What They Found on the Map

By applying this new ruler to the entire map of known elements (from the AME2020 database), they created a visual guide:

• Light elements are mostly solid droplets.
• Medium elements (like the area around Calcium) are the "bubble capital," showing the most significant hollow centers.
• Heavy elements start turning into "donuts" (toroidal bubbles).
• Super-heavy elements also show widespread bubble structures.

Why This Matters (According to the Paper)

The paper claims this work does two main things:

1. It reveals the "richness" of nuclear shapes: It shows that nuclei are much more varied than just solid balls; they can be hollow, ring-shaped, and everything in between.
2. It provides a predictive tool: By using this B-H-T-U framework, scientists now have a standardized way to predict which specific atoms might have these exotic shapes. This gives experimentalists a "treasure map" to know exactly where to look in future experiments to find these bubble-like structures.

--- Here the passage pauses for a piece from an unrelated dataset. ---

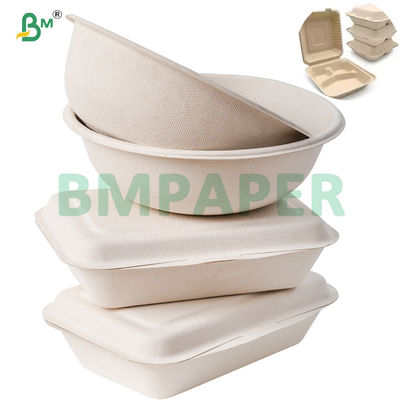 130 g 300 g Carta di canna da zucchero naturale carta di pasta di pasta per piatti per alimenti rotoli cartone biodegradabile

In short, the researchers built a new way to sort and measure the shapes of atomic nuclei, discovering that "hollow" and "ring" shapes are much more common in nature than previously mapped, especially in medium and heavy elements.

Technical Summary

Technical Summary: A Unified Classification-Quantification Framework for Bubble-Like Nuclei within the Extended Quantum Molecular Dynamics Model

Problem Statement
The structural diversity of atomic nuclei, particularly the existence of exotic shapes such as bubble, toroidal, and halo configurations, remains a significant challenge in nuclear physics. While traditional semiclassical liquid drop models assume a dense, nearly spherical system with uniform central density, theoretical and experimental evidence suggests that under specific conditions—such as large isospin asymmetry or high angular momentum—nuclei can exhibit significantly reduced central densities. Previous investigations into these "bubble" structures have largely relied on static mean-field theories (e.g., Self-Consistent Mean Field, Hartree-Fock-Bogoliubov, Energy Density Functional). However, these approaches often focus on specific nuclides (e.g., $^{34}$Si, $^{36}$Ar) or localized regions of the nuclear chart, lacking a systematic census across all known nuclides. Furthermore, existing frameworks often exhibit inconsistencies in predicting bubble nuclei when accounting for pairing correlations and deformation. There is a distinct need for a unified classification and quantification framework capable of mapping bubble-like structures across the entire nuclear chart, particularly within the context of cluster configurations where local density variations are naturally pronounced.

Methodology
This study employs the Extended Quantum Molecular Dynamics (EQMD) model to perform a systematic investigation of relaxed low-energy cluster configurations for all nuclides listed in the AME2020 database. Unlike static mean-field approaches, EQMD treats nucleons as Gaussian wave packets with complex width parameters that evolve dynamically under a Hamiltonian comprising kinetic energy, center-of-mass corrections, and effective interactions (Skyrme, Coulomb, symmetry, and Pauli terms).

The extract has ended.